*Source information*:
────────────────────────────────────────
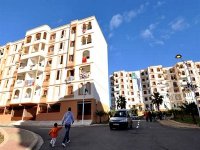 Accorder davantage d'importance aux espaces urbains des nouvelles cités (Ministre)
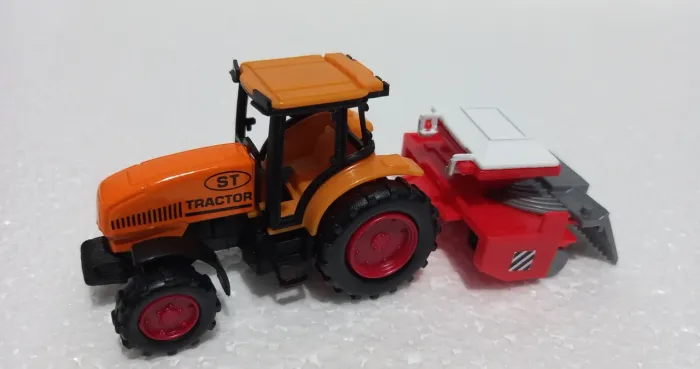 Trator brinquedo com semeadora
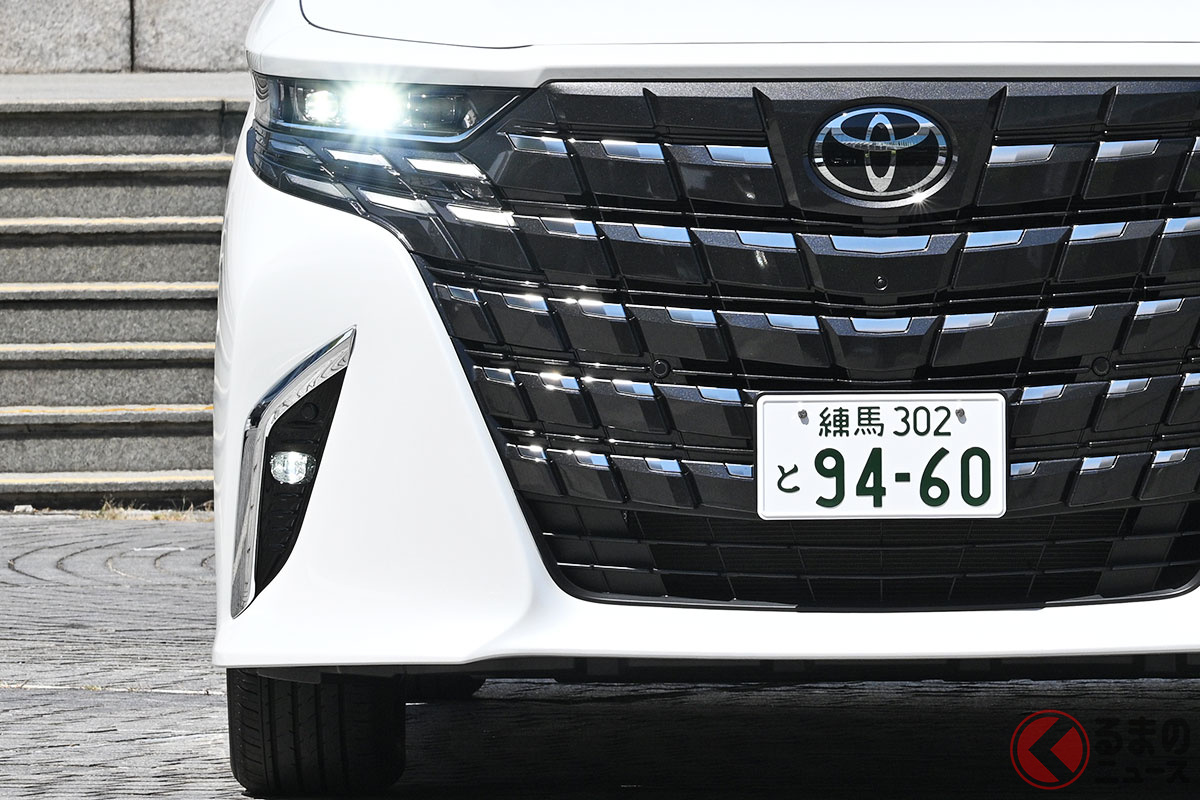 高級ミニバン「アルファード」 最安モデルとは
────────────────────────────────────────
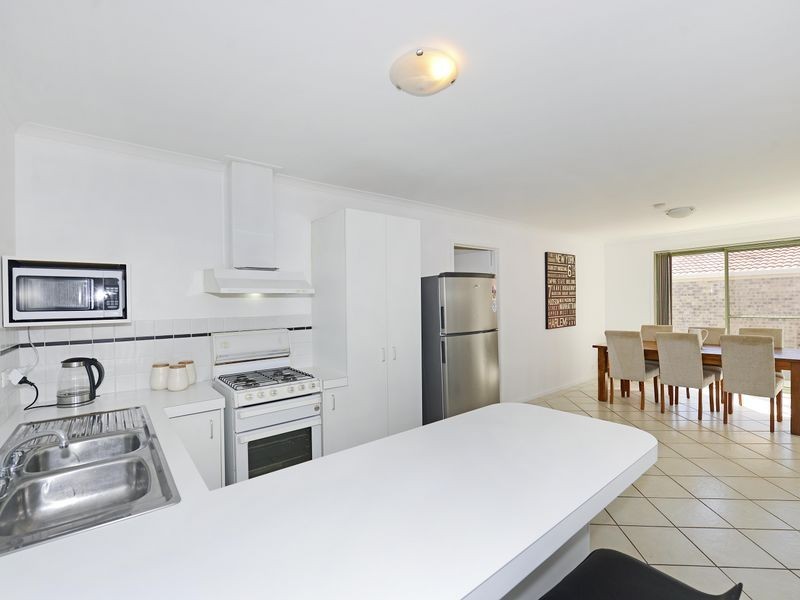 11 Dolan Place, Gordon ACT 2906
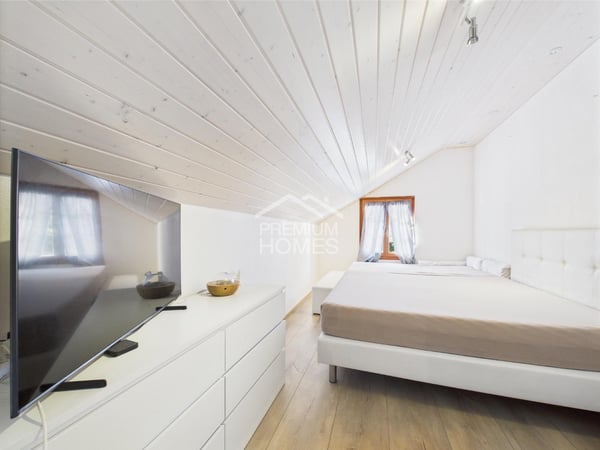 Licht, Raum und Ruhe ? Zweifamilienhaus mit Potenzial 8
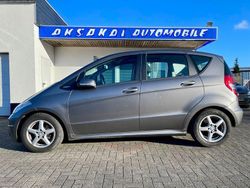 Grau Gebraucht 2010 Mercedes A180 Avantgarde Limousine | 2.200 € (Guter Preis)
────────────────────────────────────────
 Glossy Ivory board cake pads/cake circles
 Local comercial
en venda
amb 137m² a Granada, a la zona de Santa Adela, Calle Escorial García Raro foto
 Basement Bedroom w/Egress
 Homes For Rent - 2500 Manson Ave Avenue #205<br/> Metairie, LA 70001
────────────────────────────────────────
*What the exercise asks*: Would you print exactly, and only, the lines of the data above from the line with "Local comercial" through the line with "Homes For Rent", inclusive?

*Worked solution*:
 Local comercial
en venda
amb 137m² a Granada, a la zona de Santa Adela, Calle Escorial García Raro foto
 Basement Bedroom w/Egress
 Homes For Rent - 2500 Manson Ave Avenue #205<br/> Metairie, LA 70001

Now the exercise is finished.